- **WORK INSTRUCTION**:
Determine how many lines in the listing contain the string "Edition". Only that number goes in the answer.

- **EXERCISE MATERIAL**:
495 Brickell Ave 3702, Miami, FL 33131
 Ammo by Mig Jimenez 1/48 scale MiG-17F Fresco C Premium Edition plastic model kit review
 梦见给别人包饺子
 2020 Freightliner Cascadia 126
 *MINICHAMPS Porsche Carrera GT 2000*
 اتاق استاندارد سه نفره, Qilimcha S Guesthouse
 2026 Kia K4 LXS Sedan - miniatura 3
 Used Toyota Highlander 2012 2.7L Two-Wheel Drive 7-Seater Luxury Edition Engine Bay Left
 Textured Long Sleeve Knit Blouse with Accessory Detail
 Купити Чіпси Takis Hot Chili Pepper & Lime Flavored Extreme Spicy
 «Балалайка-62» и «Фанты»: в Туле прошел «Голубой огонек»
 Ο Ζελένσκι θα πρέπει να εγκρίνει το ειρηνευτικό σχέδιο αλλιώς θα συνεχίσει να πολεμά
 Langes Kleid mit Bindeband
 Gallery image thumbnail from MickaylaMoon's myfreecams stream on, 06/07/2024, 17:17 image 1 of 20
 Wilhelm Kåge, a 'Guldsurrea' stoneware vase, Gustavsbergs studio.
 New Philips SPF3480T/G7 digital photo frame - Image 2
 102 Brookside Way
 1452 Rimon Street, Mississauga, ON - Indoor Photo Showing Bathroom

- **WRITTEN ANSWER**:
2